POSSIBLE MECHANISMS FOR ROCK FALL EVENTS ALONG PA STATE ROUTE 11/15, SOUTH OF LIVERPOOL, PA
The diabase intrusion cross cuts a succession of sandstone, shaley-sandstone, mudstone, and coal that are dipping 70˚N; this succession occurs both above and below the intrusion. The thickness of the intrusion varies from ~6 m at the top of the exposure to 13m its base. The intrusion exhibits columnar jointing, and the surrounding bedrock contains southward dipping, E-W oriented fractures. The quartz grains in the quartz arentite contain abundant gas vacuoles that exhibit an upward flow dispersal.

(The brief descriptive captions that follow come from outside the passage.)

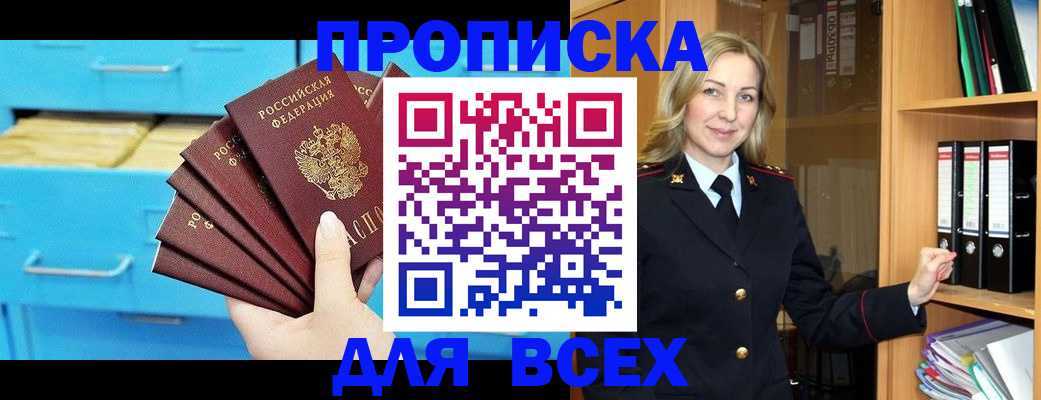 прописка иностранных граждан в Ковдоре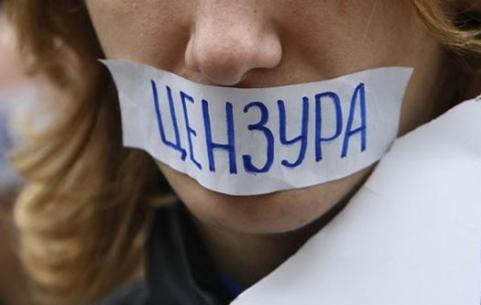 У Раді Європи вітають відкликання законопроекту про наклеп в Україні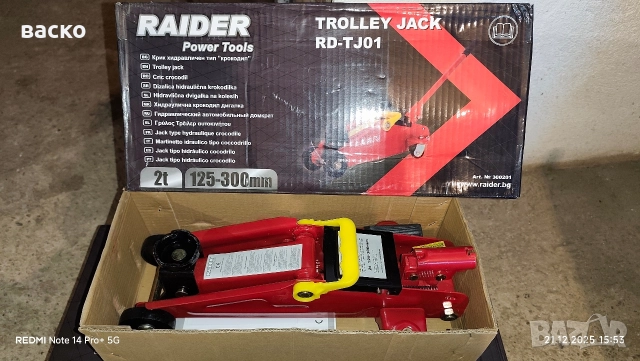 два броя крик Крокодил , снимка 6 - Аксесоари и консумативи - 52867024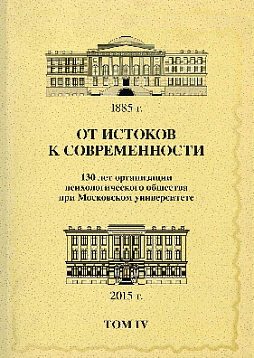 От истоков к современности: 130 лет организации психологического общества при Московском университете: Сборник материалов юбилейной конференции: В 5 томах: Том 4 (pdf)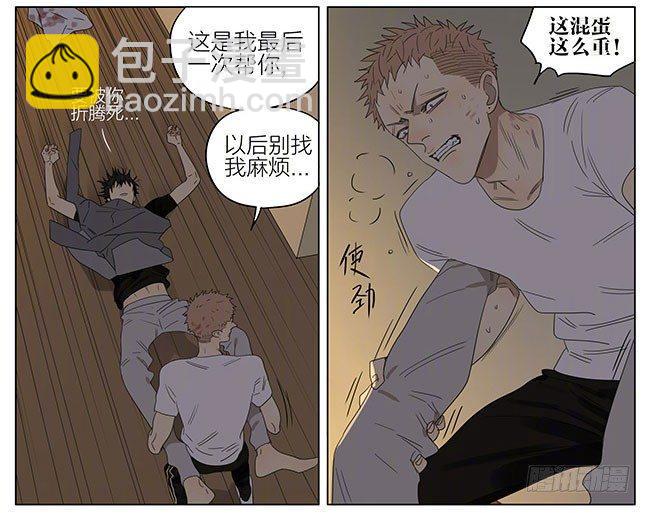 安静的夜晚-第232话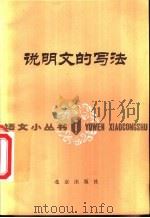 说明文的写法（1981 PDF版）
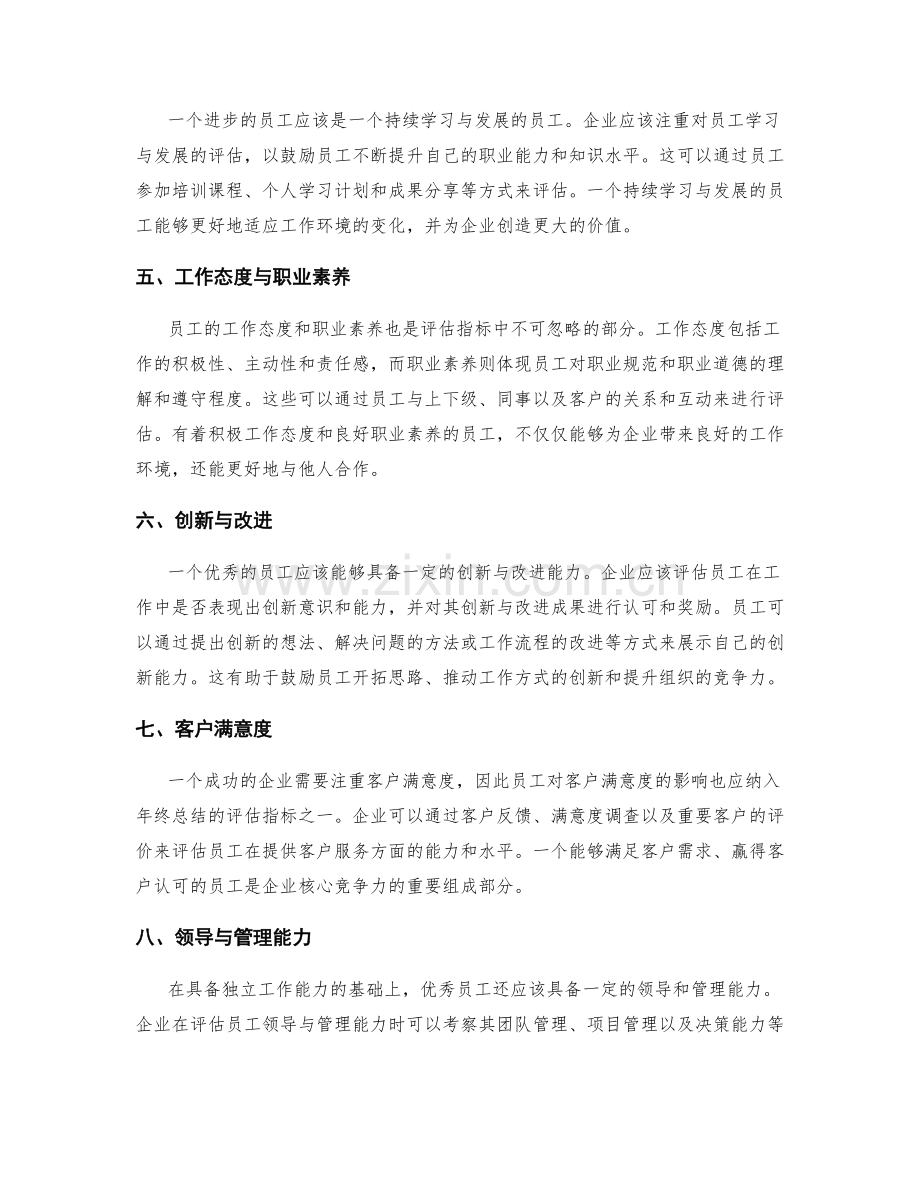 年终总结的成效评价指标.docx_第2页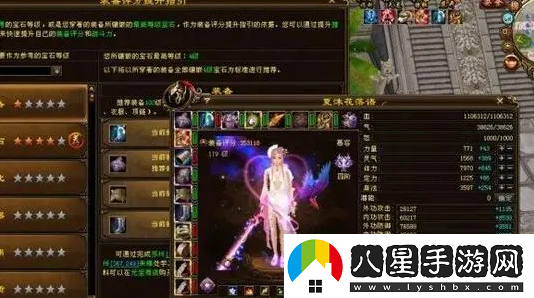 天龍八部什么職業(yè)厲害
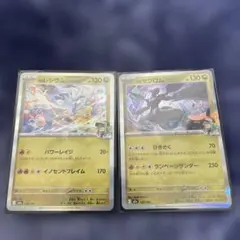 NのレシラムとNのゼクロム　カードセット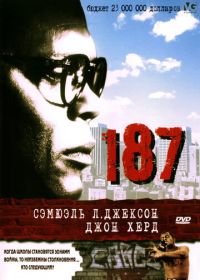 187 (1997)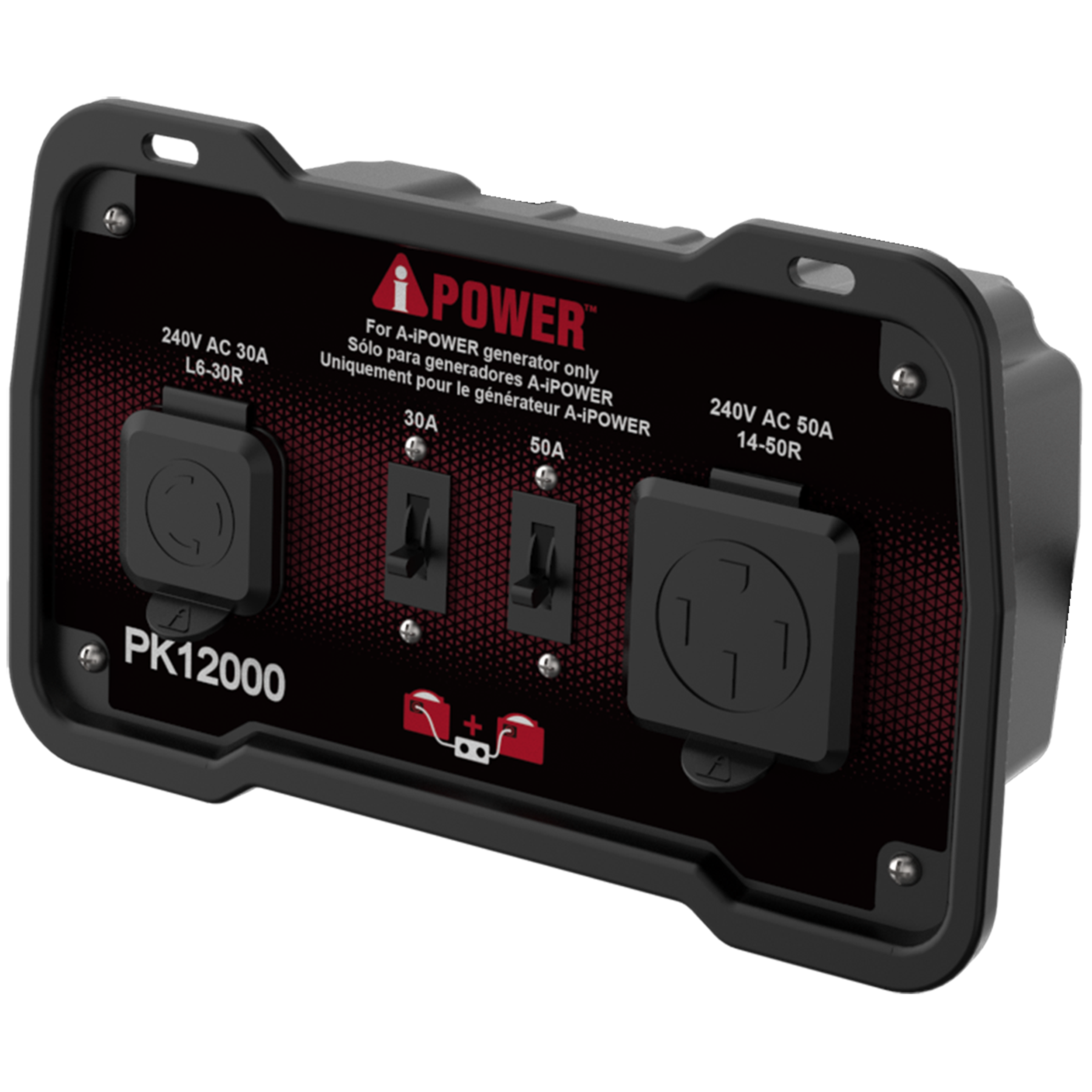 PK12000 Parallel Kit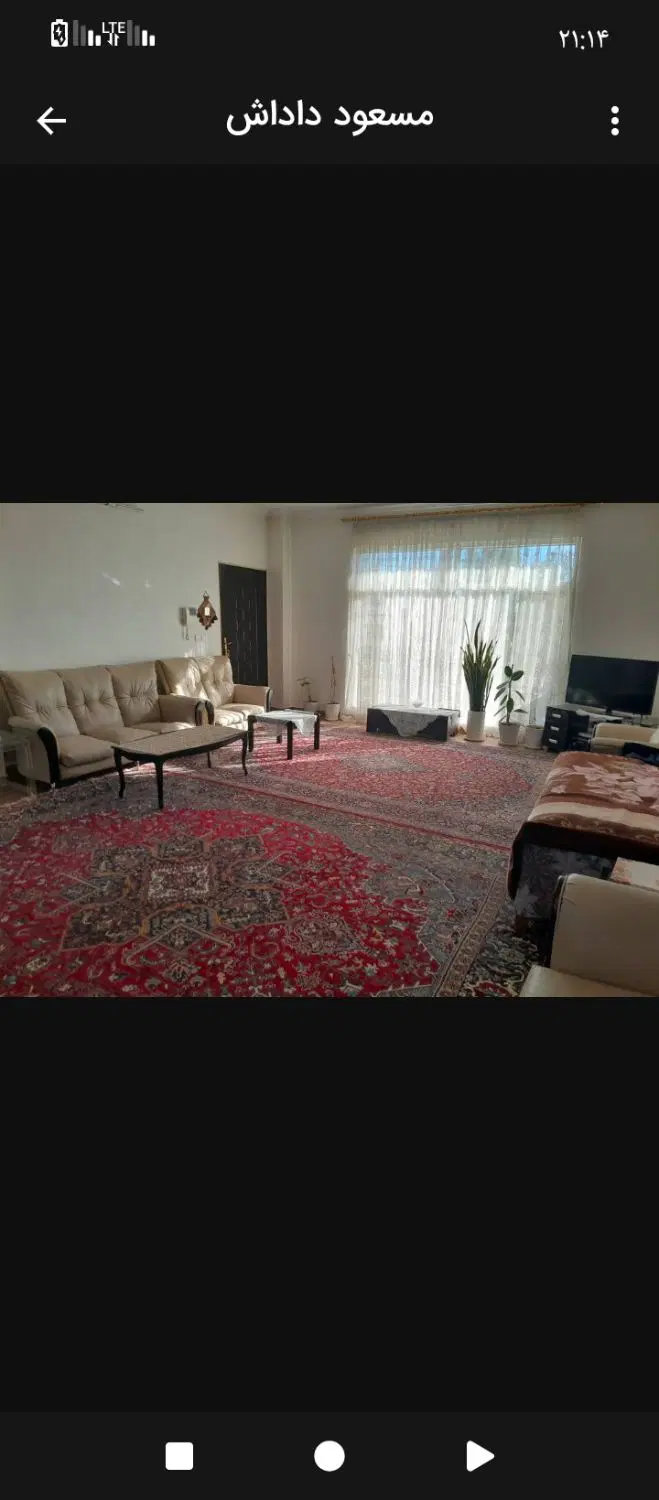 خانه ویلایی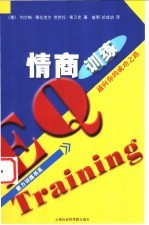 情商训练 通向你的成功之路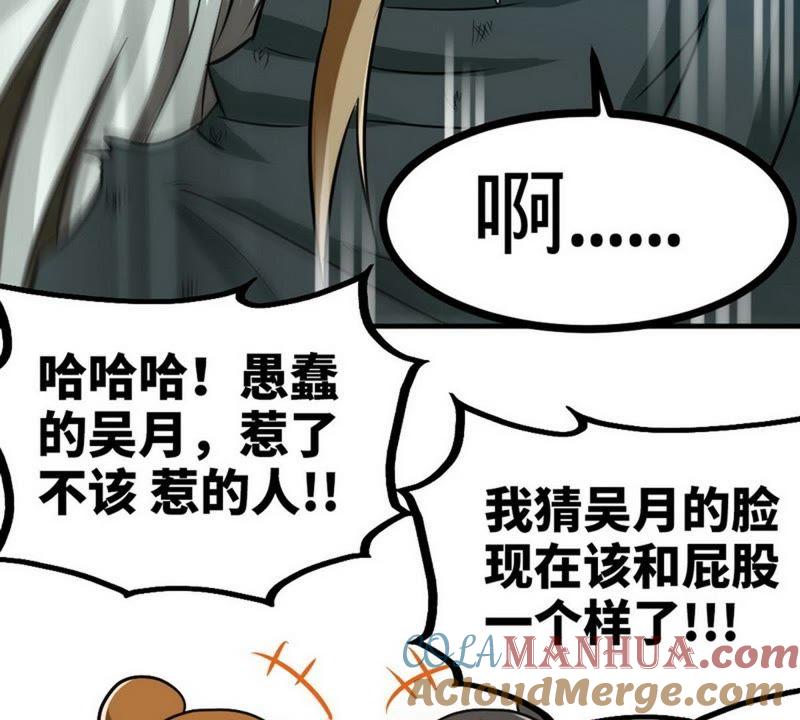 第63话炼丹门新生-至尊神魔-冬漫社（第3张）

Vacuoles are more abundant and densely spaced in the sandstones up dip of the intrusion. This tends to be the rock involved in the rock falls.
Rockfalls at this particular location may be due to several contributing factors related to weathering, fracture sets, and vacuole concentration. Differential erosion of the shale and mudstone located both above and below the intrusion, surrounding the diabase intrusion, weather more quickly than the diabase and overlying sandstone, producing a thick sandstone overhang that is prone to falling. The sandstone is fractured, causing it to be weak along several fracture sets. Additionally, the quartz grains in the overlying sandstone contains abundant gas vacuoles related to the emplacement of the intrusion. The increased abundance and density of gas vacuoles in the sandstone, result in a weakened rock.
Rock falls at this location might be mitigated by drilling and blasting away the sandstone overlying the mudstone and coal. Terracing the diabase at this location might also decrease the amount of falling debris capable of reaching the road. Careful attention needs to be paid to the strength of the rock that tends to fall, which are composed of lithologically heterogeneous quartz and lithic wackes.